[The Golden Bowl by Henry James]@TWC D-Link bookThe Golden Bowl PART FIRST 173/233
But she might as well be hurt one way as another; and, besides, that particular sort of pride was just what she hadn't.
So his slight resistance, while they lingered, had been just easy enough not to be impossible. "I hate to encourage you--and for such a purpose, after all--to spend your money." She had stood a stair or two below him; where, while she looked up at him beneath the high, domed light of the hall, she rubbed with her palm the polished mahogany of the balustrade, which was mounted on fine ironwork, eighteenth-century English.

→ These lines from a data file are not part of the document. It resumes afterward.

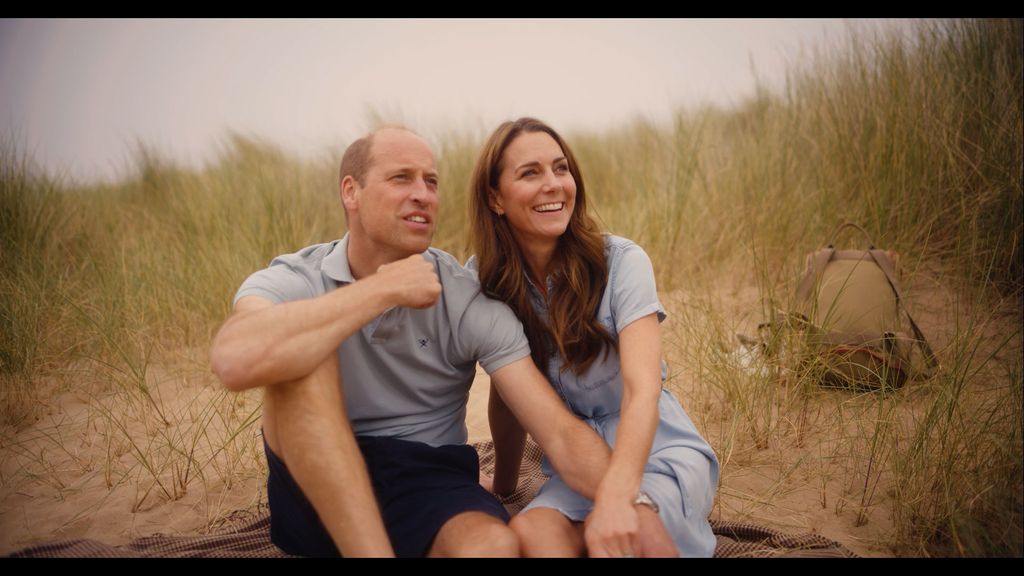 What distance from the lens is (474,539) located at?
205cm

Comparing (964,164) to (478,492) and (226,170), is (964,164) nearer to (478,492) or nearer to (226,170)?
(478,492)

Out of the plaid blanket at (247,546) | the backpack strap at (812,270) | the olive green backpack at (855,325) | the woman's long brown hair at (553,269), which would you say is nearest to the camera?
the plaid blanket at (247,546)

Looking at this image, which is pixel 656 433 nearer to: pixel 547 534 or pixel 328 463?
pixel 547 534

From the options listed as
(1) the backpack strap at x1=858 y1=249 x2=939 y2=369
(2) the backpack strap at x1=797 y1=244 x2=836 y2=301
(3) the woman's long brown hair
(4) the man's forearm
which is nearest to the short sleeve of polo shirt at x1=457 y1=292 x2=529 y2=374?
(3) the woman's long brown hair

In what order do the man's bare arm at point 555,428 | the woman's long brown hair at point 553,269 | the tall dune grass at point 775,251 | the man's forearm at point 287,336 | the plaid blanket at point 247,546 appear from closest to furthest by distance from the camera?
1. the man's forearm at point 287,336
2. the man's bare arm at point 555,428
3. the plaid blanket at point 247,546
4. the woman's long brown hair at point 553,269
5. the tall dune grass at point 775,251

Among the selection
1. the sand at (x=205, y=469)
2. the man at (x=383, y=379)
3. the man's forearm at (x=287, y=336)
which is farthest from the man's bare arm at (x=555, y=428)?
the sand at (x=205, y=469)

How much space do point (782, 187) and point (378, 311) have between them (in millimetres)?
4223

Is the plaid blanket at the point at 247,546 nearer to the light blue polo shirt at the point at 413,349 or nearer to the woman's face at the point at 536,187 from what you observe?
the light blue polo shirt at the point at 413,349

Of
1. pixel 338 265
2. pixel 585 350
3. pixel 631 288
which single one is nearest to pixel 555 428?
pixel 585 350

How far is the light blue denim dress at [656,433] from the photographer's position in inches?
87.0

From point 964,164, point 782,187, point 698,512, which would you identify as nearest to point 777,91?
point 782,187

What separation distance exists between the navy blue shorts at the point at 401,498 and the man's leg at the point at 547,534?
0.48ft

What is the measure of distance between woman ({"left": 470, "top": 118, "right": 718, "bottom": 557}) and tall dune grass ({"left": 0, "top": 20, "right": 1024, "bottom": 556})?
96cm

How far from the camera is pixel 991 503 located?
2.32 metres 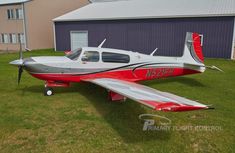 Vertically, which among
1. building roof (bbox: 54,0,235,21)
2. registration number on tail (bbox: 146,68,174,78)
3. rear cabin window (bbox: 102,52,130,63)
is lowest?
registration number on tail (bbox: 146,68,174,78)

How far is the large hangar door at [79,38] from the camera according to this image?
25.9 meters

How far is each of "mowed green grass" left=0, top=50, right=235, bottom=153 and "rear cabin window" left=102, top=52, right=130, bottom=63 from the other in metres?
1.36

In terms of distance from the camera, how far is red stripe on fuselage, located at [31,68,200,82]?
8117mm

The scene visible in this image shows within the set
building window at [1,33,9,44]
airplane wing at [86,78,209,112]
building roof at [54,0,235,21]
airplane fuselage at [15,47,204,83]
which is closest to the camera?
airplane wing at [86,78,209,112]

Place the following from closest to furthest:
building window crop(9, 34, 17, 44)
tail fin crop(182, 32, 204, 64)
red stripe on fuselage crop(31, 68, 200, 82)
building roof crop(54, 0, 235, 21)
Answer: red stripe on fuselage crop(31, 68, 200, 82) → tail fin crop(182, 32, 204, 64) → building roof crop(54, 0, 235, 21) → building window crop(9, 34, 17, 44)

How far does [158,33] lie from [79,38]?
971 centimetres

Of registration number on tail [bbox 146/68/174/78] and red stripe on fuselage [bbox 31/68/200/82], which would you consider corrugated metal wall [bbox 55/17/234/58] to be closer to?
red stripe on fuselage [bbox 31/68/200/82]

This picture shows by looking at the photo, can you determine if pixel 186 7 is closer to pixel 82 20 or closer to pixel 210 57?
pixel 210 57

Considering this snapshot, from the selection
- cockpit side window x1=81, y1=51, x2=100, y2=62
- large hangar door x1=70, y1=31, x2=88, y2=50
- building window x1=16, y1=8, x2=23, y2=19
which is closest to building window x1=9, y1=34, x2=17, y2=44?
building window x1=16, y1=8, x2=23, y2=19

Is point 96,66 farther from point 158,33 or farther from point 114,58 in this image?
point 158,33

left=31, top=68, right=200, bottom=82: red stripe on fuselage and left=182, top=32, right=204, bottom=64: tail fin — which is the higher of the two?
left=182, top=32, right=204, bottom=64: tail fin

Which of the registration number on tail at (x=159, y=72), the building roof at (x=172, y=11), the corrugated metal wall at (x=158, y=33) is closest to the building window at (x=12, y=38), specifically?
the corrugated metal wall at (x=158, y=33)

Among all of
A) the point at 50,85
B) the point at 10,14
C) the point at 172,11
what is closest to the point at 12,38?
the point at 10,14

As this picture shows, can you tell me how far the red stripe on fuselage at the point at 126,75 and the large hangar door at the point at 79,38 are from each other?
17.9m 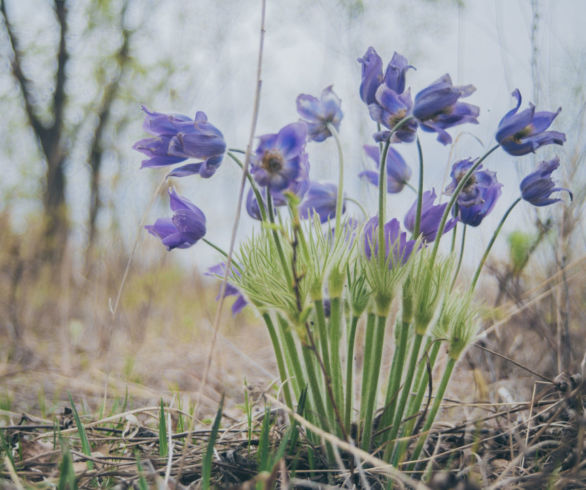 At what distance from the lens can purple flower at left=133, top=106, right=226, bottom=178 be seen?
0.73 m

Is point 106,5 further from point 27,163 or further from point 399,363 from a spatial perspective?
point 399,363

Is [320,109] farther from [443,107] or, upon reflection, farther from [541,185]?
[541,185]

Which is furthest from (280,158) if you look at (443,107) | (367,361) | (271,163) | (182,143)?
(367,361)

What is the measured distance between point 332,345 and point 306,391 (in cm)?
9

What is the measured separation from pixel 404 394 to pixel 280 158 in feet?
1.46

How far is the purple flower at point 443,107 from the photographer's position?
717mm

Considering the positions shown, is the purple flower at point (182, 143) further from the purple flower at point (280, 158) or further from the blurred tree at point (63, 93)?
the blurred tree at point (63, 93)

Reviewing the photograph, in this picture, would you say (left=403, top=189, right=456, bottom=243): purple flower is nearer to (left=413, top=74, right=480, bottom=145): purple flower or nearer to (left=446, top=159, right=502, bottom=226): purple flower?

"Because you think I must have so little? I've enough, at any rate--enough for us to take our hour. Enough," she had smiled, "is as good as a feast! And then," she had said, "it isn't of course a question of anything expensive, gorged with treasure as Maggie is; it isn't a question of competing or outshining. What, naturally, in the way of the priceless, hasn't she got? Mine is to be the offering of the poor--something, precisely, that--no rich person COULD ever give her, and that, being herself too rich ever to buy it, she would therefore never have." Charlotte had spoken as if after so much thought.
"Only, as it can't be fine, it ought to be funny--and that's the sort of thing to hunt for.
Hunting in London, besides, is amusing in itself." He recalled even how he had been struck with her word.